Comment by gruez

5 days ago

This only works if you control the code on both sides (ie. on the website being visited and an app running on the phone). It's not some sort of magic hack that allows you to exfiltrate arbitrary browser history. Therefore it's unclear how it can be construed as "hacking" in any meaningful way. As bad non-consensual tracking done by google/meta/whatever are, it's not covered under CFAA.

I agree it's not hacking, but the Computer Fraud and Abuse act seems to have a pretty broad definition of computer fraud and abuse. In particular, the technique seems like it might (emphasis mine) "knowingly and with intent to defraud, accesses a protected computer without authorization, or exceeds authorized access, and by means of such conduct furthers the intended fraud and obtains anything of value …". Would the other person have a reasonable belief that they didn't authorize access to information which their OS attempts to prevent access to?

I'm not a lawyer, so my question is genuine.

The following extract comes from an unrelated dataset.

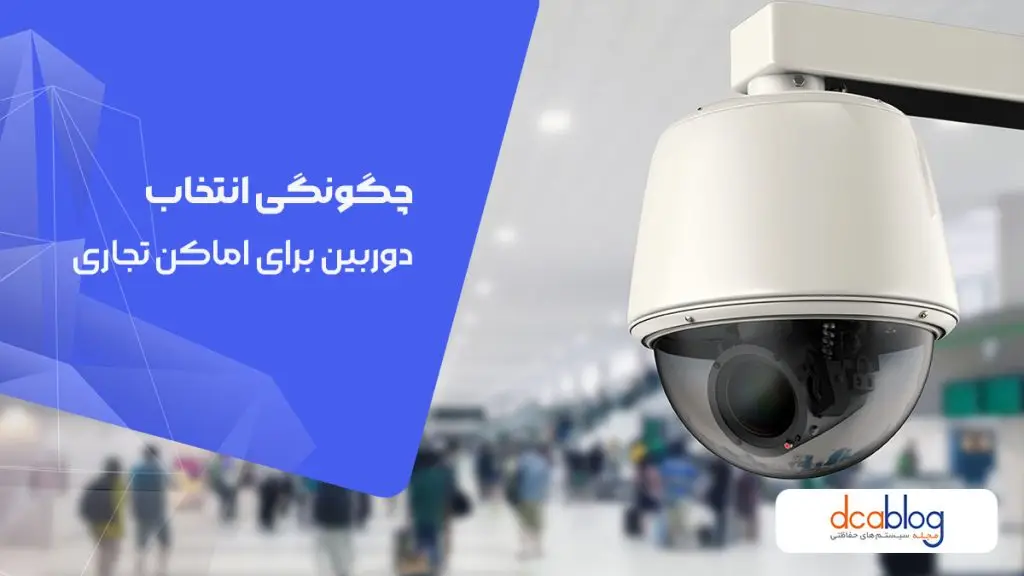 چگونگی انتخاب دوربین مناسب برای اماکن تجاری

The yandex one uses client/browser-side code to exfiltrate; it’s within the realm of possibility to abuse this, given a user visits a site under your control.

On the FB side, I can see a malicious user potentially poisoning a target site visitors’s ad profile or even social media algorithm with crafted cookies. Fill their feed with diaper ads or something.

I don't know, you're purposefully abusing oversights to completely bypass the sandbox. It's an exploit for sure in my mind, and it seems very intentionally done. Like, it was done this way specifically because it allows them to circumvent other protections they know existed.